• _WORK REQUEST_
Print this span of the material below exactly: the line with "Imaverol (Имаверол) by", the line with "PRETTYLITTLETHING Womens Red", and every line between them, but nothing else.

• _DATA PROVIDED_

====

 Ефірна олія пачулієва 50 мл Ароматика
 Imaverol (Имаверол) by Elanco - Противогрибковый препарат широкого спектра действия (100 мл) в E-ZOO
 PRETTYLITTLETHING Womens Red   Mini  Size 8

====

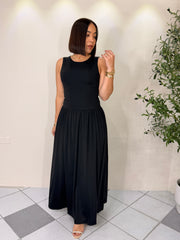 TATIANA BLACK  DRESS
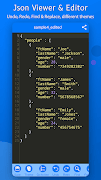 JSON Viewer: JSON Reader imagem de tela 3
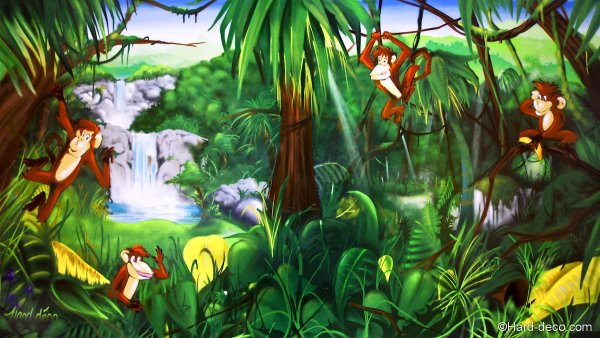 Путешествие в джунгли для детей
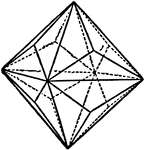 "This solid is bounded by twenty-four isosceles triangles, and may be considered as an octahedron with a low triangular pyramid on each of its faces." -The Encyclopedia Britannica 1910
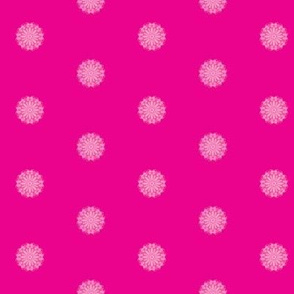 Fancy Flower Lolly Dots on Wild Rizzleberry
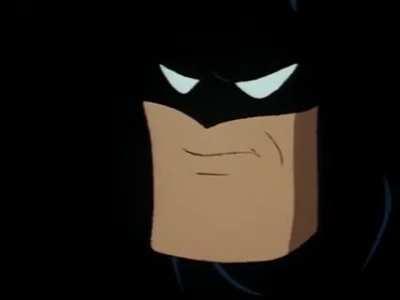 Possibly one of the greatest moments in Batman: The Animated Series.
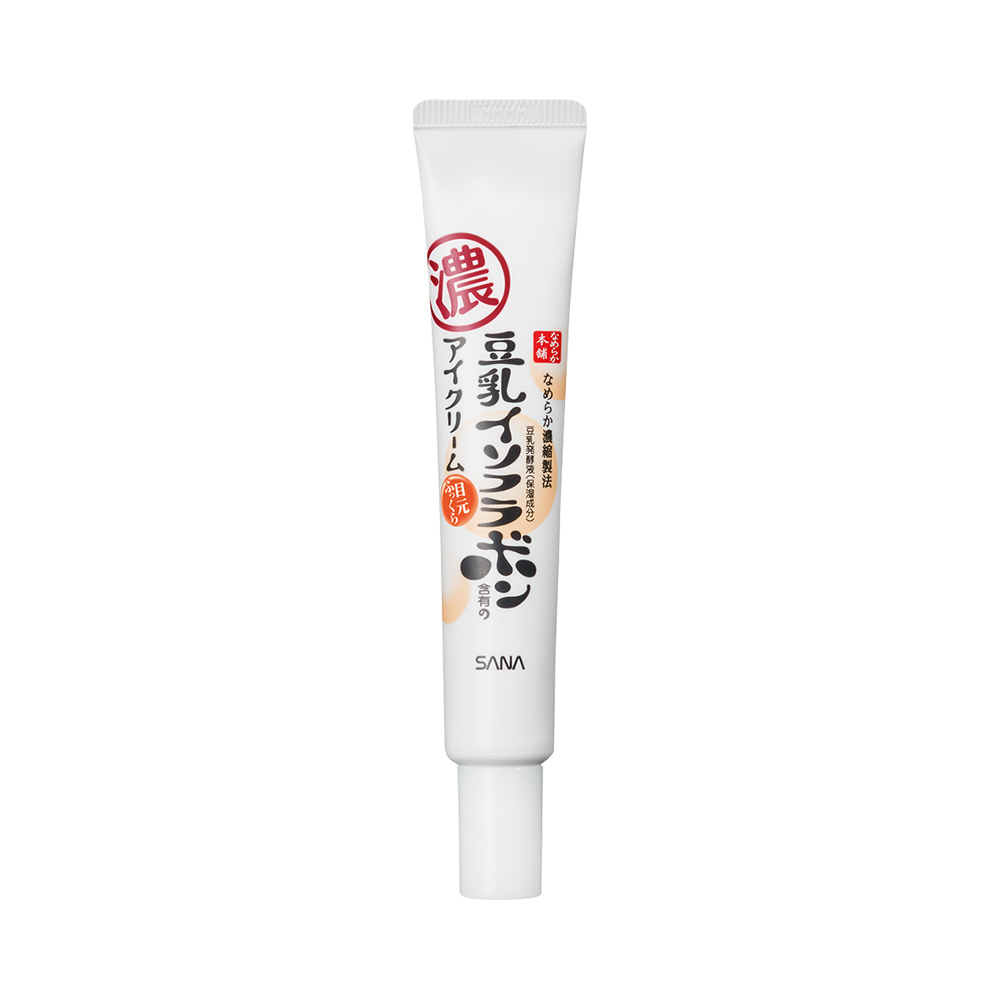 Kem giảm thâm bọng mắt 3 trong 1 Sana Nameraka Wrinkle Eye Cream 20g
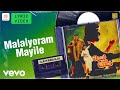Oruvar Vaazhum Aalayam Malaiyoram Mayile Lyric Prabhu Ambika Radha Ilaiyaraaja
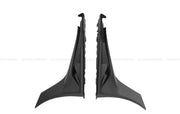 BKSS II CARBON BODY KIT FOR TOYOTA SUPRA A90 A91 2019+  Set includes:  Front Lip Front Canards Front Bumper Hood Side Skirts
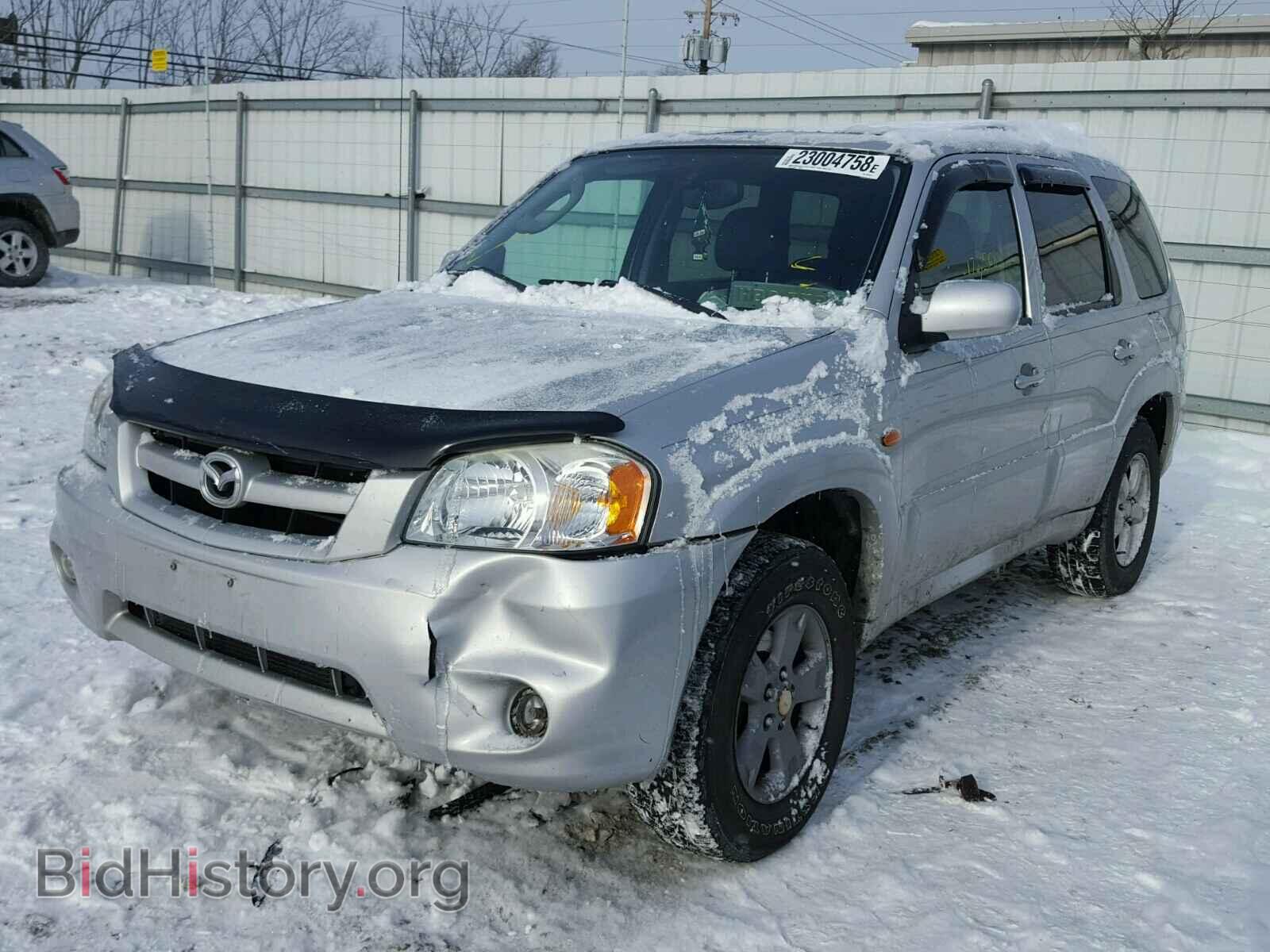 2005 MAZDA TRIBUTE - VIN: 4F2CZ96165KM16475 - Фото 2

====

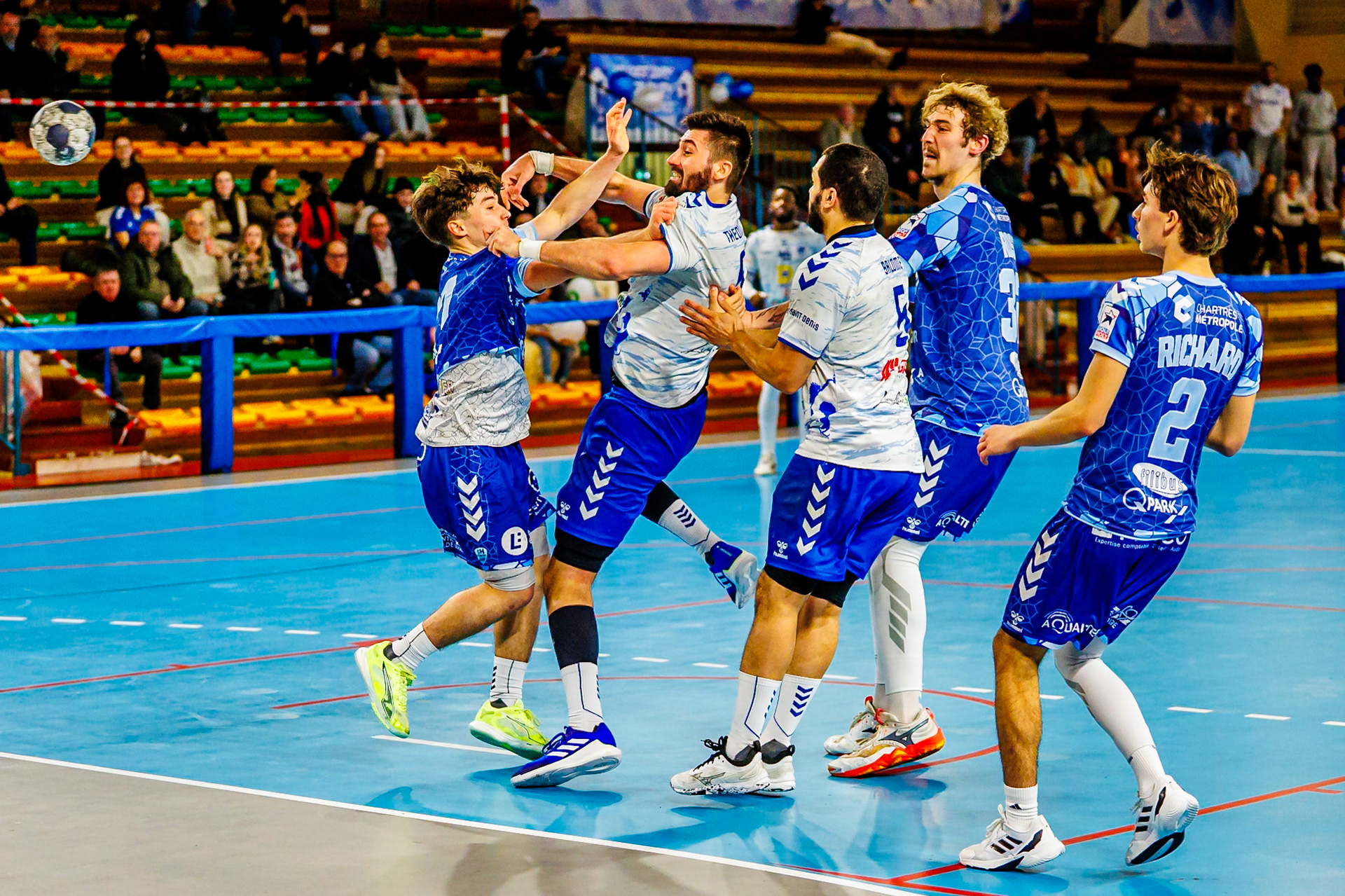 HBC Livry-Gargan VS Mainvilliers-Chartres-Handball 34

====

• _RESULT OF THE EXERCISE_
 Imaverol (Имаверол) by Elanco - Противогрибковый препарат широкого спектра действия (100 мл) в E-ZOO
 PRETTYLITTLETHING Womens Red   Mini  Size 8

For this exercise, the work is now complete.